**Records excerpted from a collection**
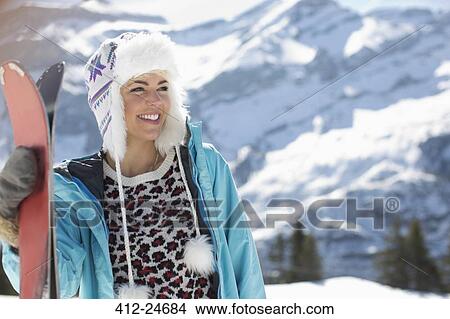 Picture - Smiling woman with skis at mountain. Fotosearch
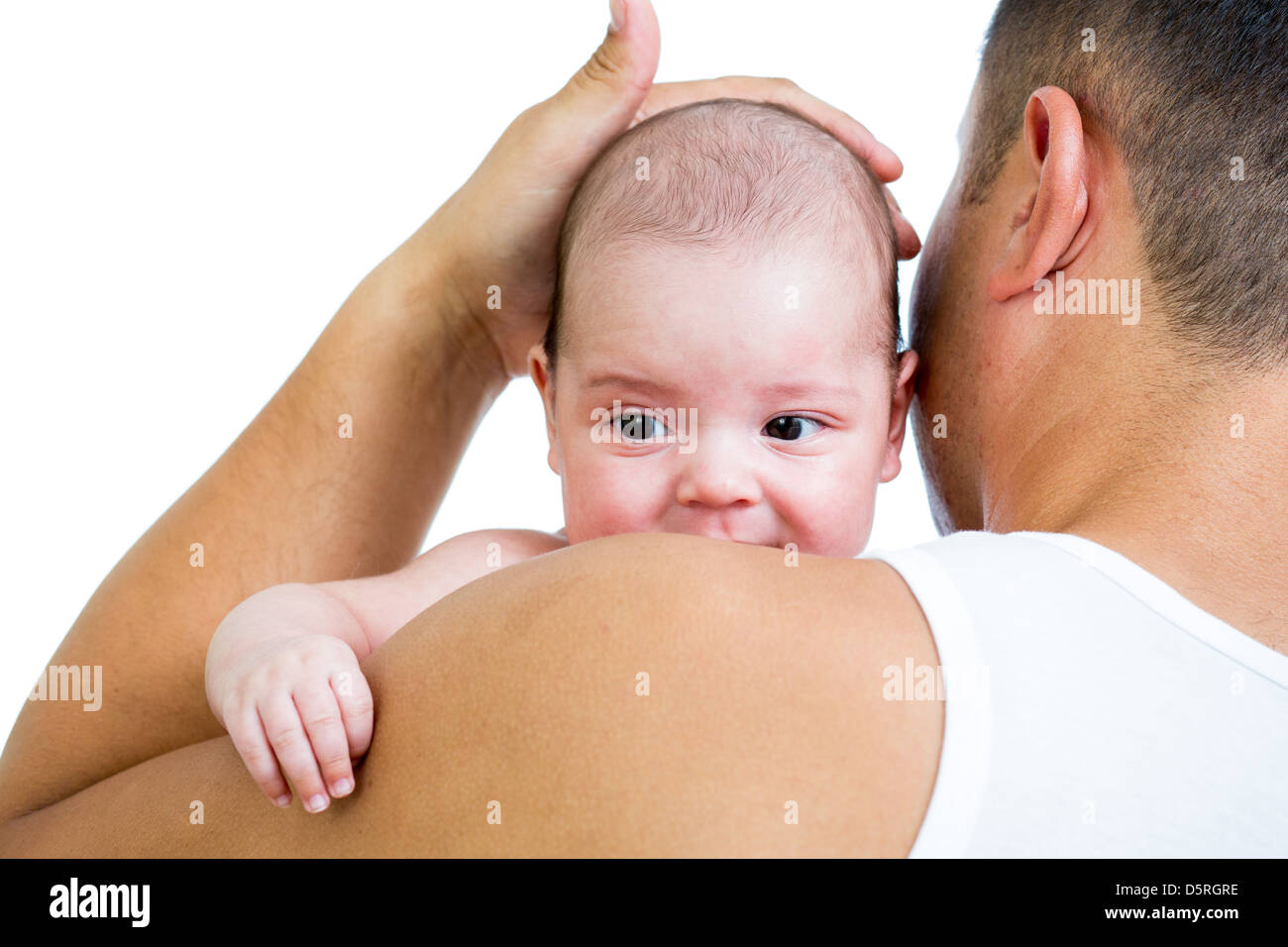 cute small baby on father's shoulder isolated on white background Stock Photo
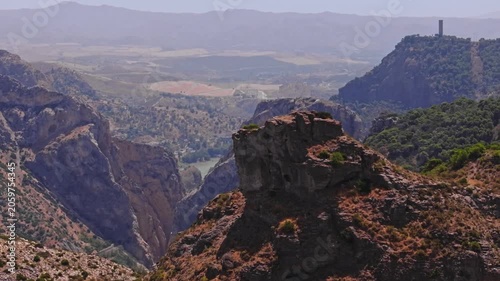 Drone footage ascending sideways past a weathered summit boulder, framing the sheer gorge drop, glinting reservoir below, distant plains, and a lone hilltop tower under summer haze.
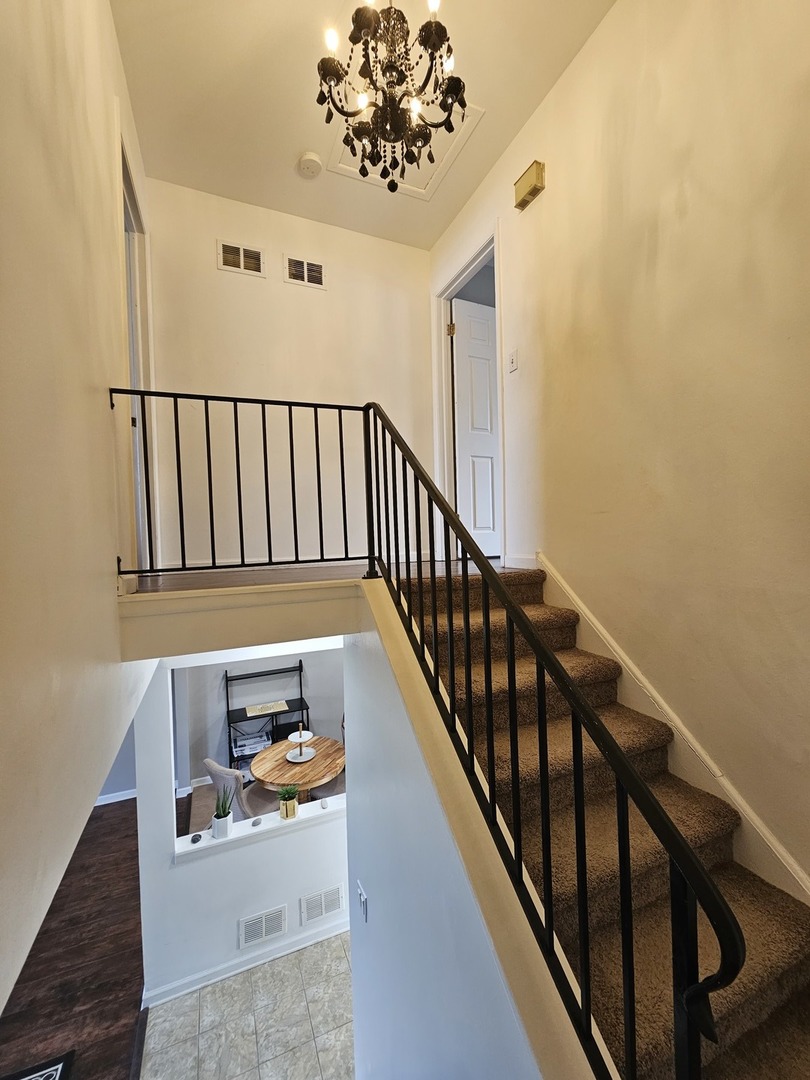 608 Bayview Point Schaumburg, IL 60194 - Photo 18 of 31 a view of entryway with wooden floor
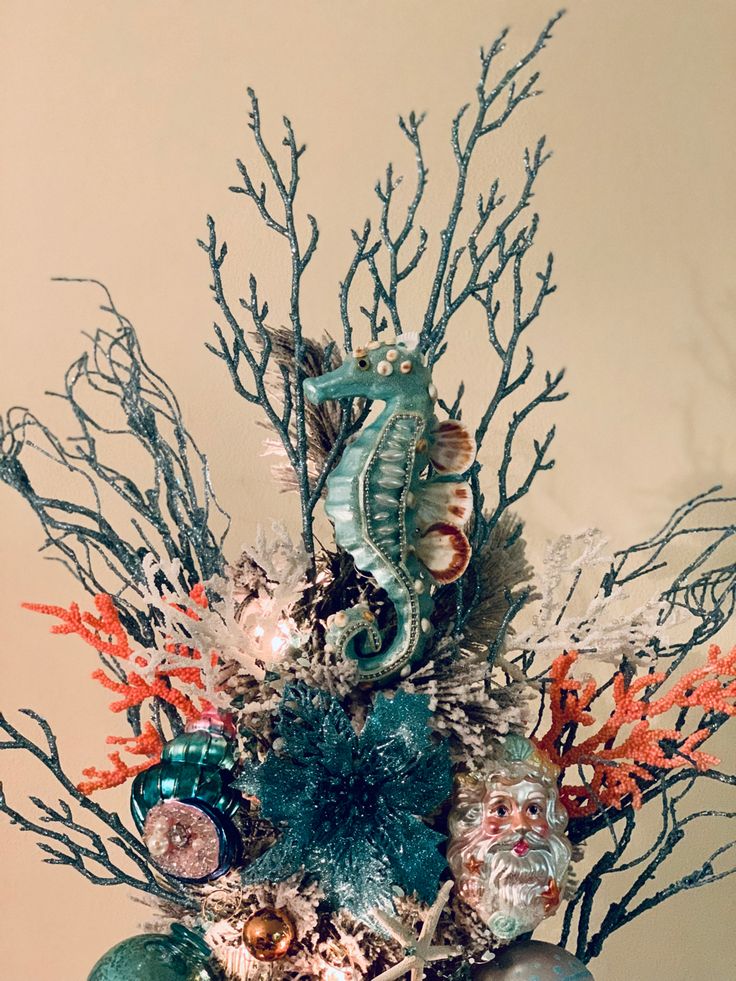 a vase filled with seahorses and coral on top of a table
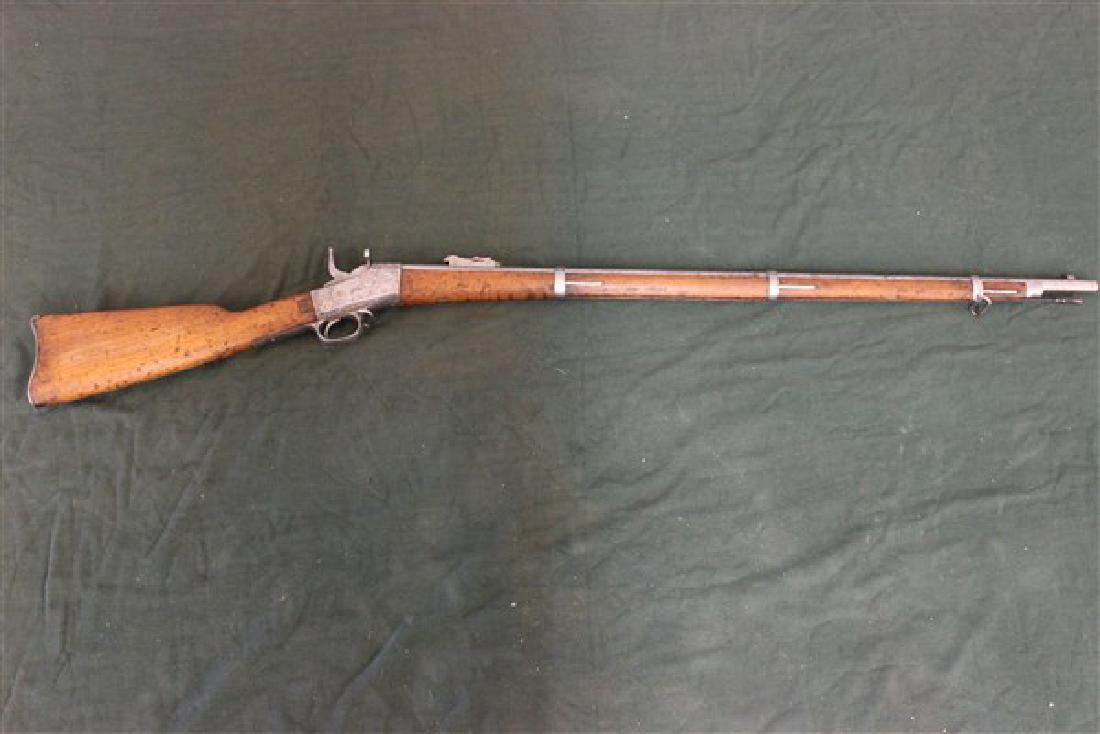 New Tork Model Remingtion Rolling Block Rifle: New York model remington rolling block rifle. Serial # 3f34 Dimension: 52"L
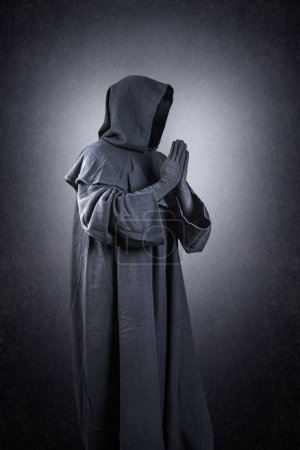 Foto de Monje medieval en capa encapuchada rezando en la oscuridad - Imagen libre de derechos
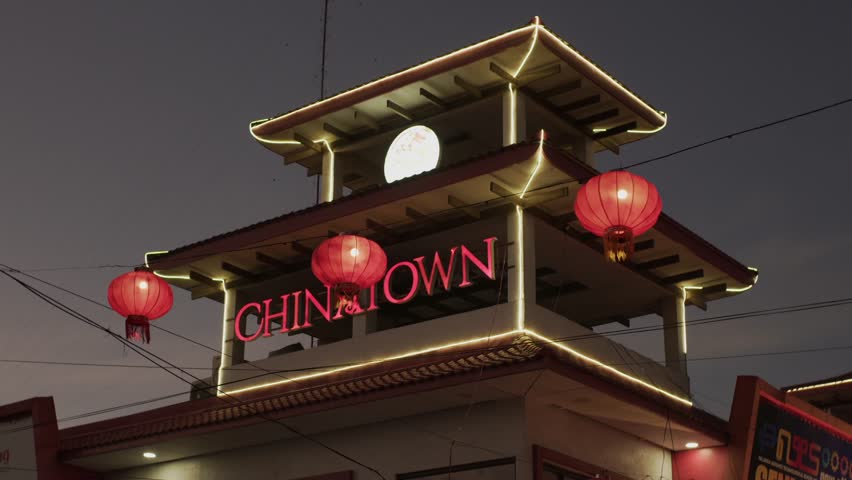Chinatown entrance tower lit with red lanterns at dusk, glowing warm lights outline tower awnings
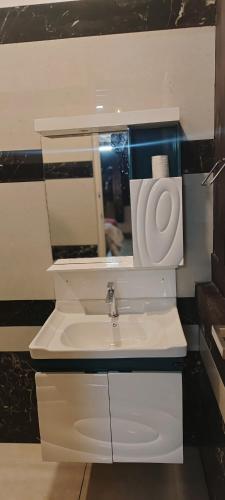 a bathroom with a white sink and a mirror at Seabreeze Marari in Alleppey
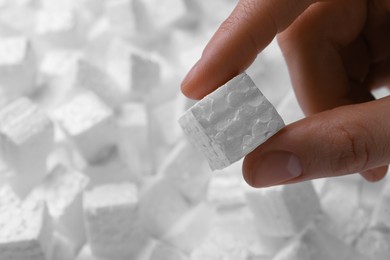 Woman holding small styrofoam cube on blurred background, closeup. Space for text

**INSTRUCTIONS TO FOLLOW**
Retype the lines exactly. Begin at the one that holds "a vase filled", stop at the last line of the entries above, and drop the pictures.

**EXERCISE OUTPUT**
 a vase filled with seahorses and coral on top of a table
 New Tork Model Remingtion Rolling Block Rifle: New York model remington rolling block rifle. Serial # 3f34 Dimension: 52"L
 Foto de Monje medieval en capa encapuchada rezando en la oscuridad - Imagen libre de derechos
Chinatown entrance tower lit with red lanterns at dusk, glowing warm lights outline tower awnings
 a bathroom with a white sink and a mirror at Seabreeze Marari in Alleppey
 Woman holding small styrofoam cube on blurred background, closeup. Space for text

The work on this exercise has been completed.